## PROBLEM DETAILS
Keep the lines exact and the pictures out as you repeat the following listing.

## INFORMATION SUPPLIED
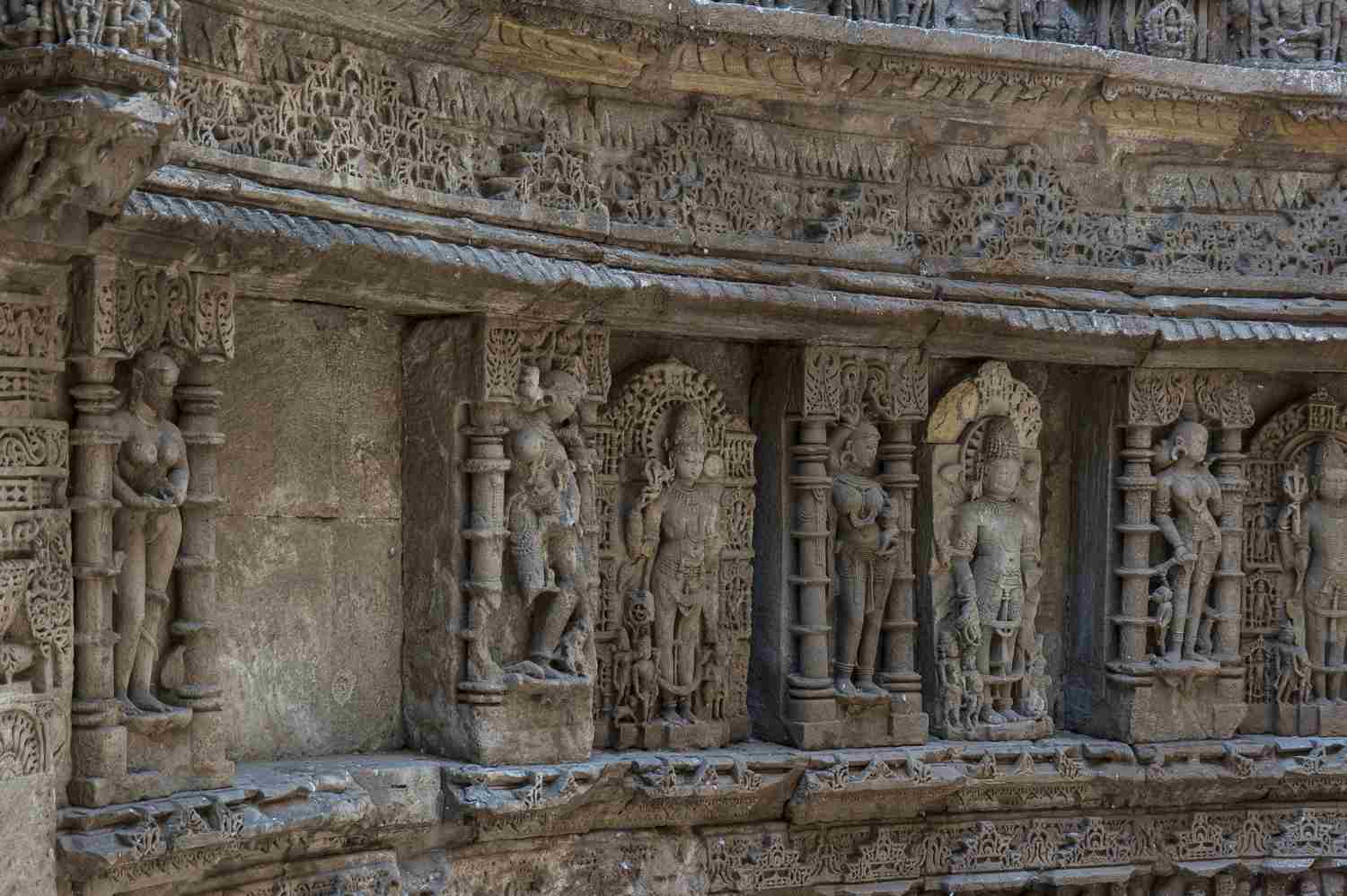 Rani ki Vav, Patan, Gujarat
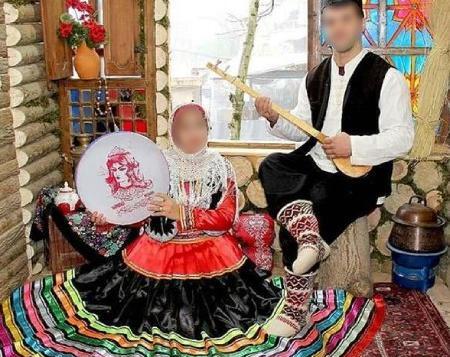 عکس لباس شمالی مردانه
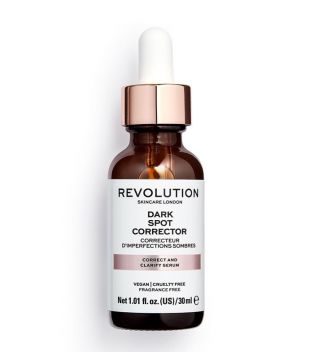 Revolution Skincare - Dark Spot Corrector Correct and clarify serum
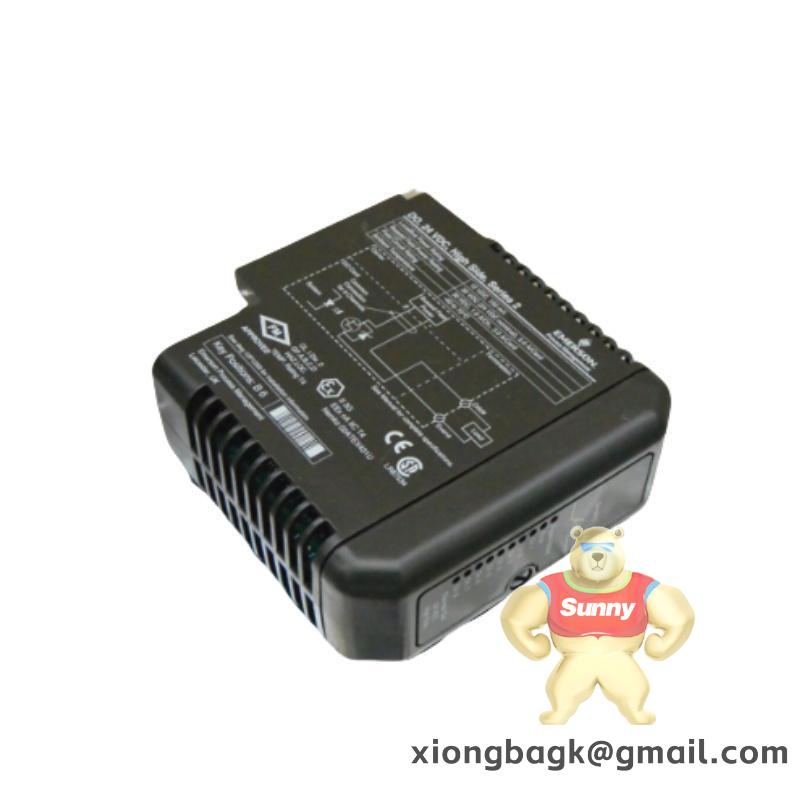 Emerson IC866-0185-4A3-50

## WORKED SOLUTION
 Rani ki Vav, Patan, Gujarat
 عکس لباس شمالی مردانه
 Revolution Skincare - Dark Spot Corrector Correct and clarify serum
 Emerson IC866-0185-4A3-50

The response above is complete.